## Your goal
Retype the entries exactly; omit all pictures.

## Data section
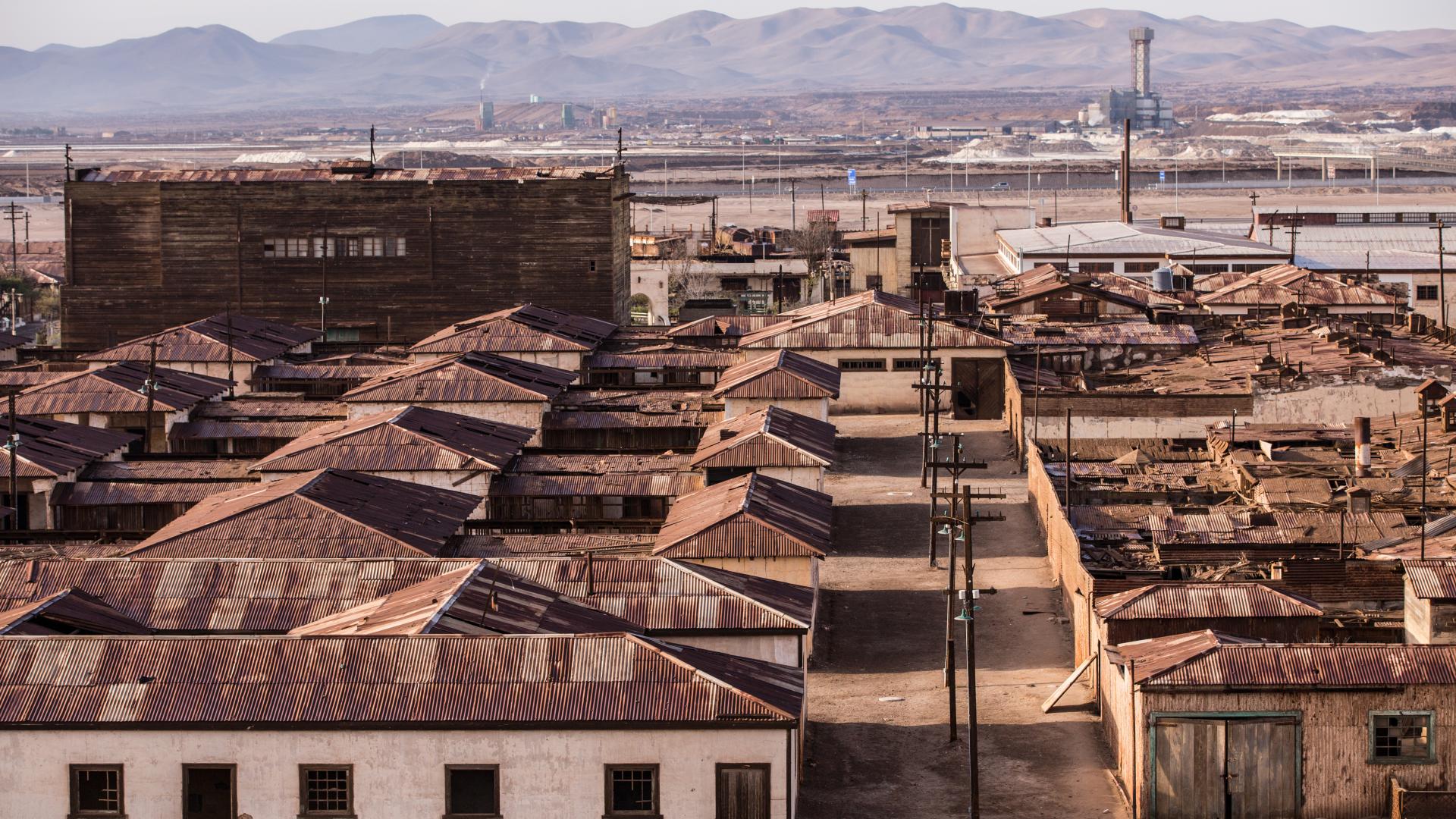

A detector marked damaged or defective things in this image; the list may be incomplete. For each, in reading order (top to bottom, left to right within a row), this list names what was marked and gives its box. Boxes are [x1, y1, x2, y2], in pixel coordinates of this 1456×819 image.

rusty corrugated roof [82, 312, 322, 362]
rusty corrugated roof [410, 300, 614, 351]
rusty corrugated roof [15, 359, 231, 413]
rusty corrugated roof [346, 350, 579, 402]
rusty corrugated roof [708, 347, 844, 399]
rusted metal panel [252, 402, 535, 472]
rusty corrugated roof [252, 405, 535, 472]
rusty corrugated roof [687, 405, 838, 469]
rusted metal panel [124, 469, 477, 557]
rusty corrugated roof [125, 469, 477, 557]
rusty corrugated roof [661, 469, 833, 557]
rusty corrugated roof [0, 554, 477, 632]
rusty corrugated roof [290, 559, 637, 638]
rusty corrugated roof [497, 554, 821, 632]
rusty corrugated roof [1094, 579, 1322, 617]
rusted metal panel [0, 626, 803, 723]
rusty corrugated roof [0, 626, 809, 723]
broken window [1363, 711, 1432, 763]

## Answer space
A detector marked damaged or defective things in this image; the list may be incomplete. For each, in reading order (top to bottom, left to right within a row), this list names what was marked and gives its box. Boxes are [x1, y1, x2, y2], in pixel coordinates of this 1456×819 image.

rusty corrugated roof [82, 312, 322, 362]
rusty corrugated roof [410, 300, 614, 351]
rusty corrugated roof [15, 359, 231, 413]
rusty corrugated roof [346, 350, 579, 402]
rusty corrugated roof [708, 347, 844, 399]
rusted metal panel [252, 402, 535, 472]
rusty corrugated roof [252, 405, 535, 472]
rusty corrugated roof [687, 405, 838, 469]
rusted metal panel [124, 469, 477, 557]
rusty corrugated roof [125, 469, 477, 557]
rusty corrugated roof [661, 469, 833, 557]
rusty corrugated roof [0, 554, 477, 632]
rusty corrugated roof [290, 559, 637, 638]
rusty corrugated roof [497, 554, 821, 632]
rusty corrugated roof [1094, 579, 1322, 617]
rusted metal panel [0, 626, 803, 723]
rusty corrugated roof [0, 626, 809, 723]
broken window [1363, 711, 1432, 763]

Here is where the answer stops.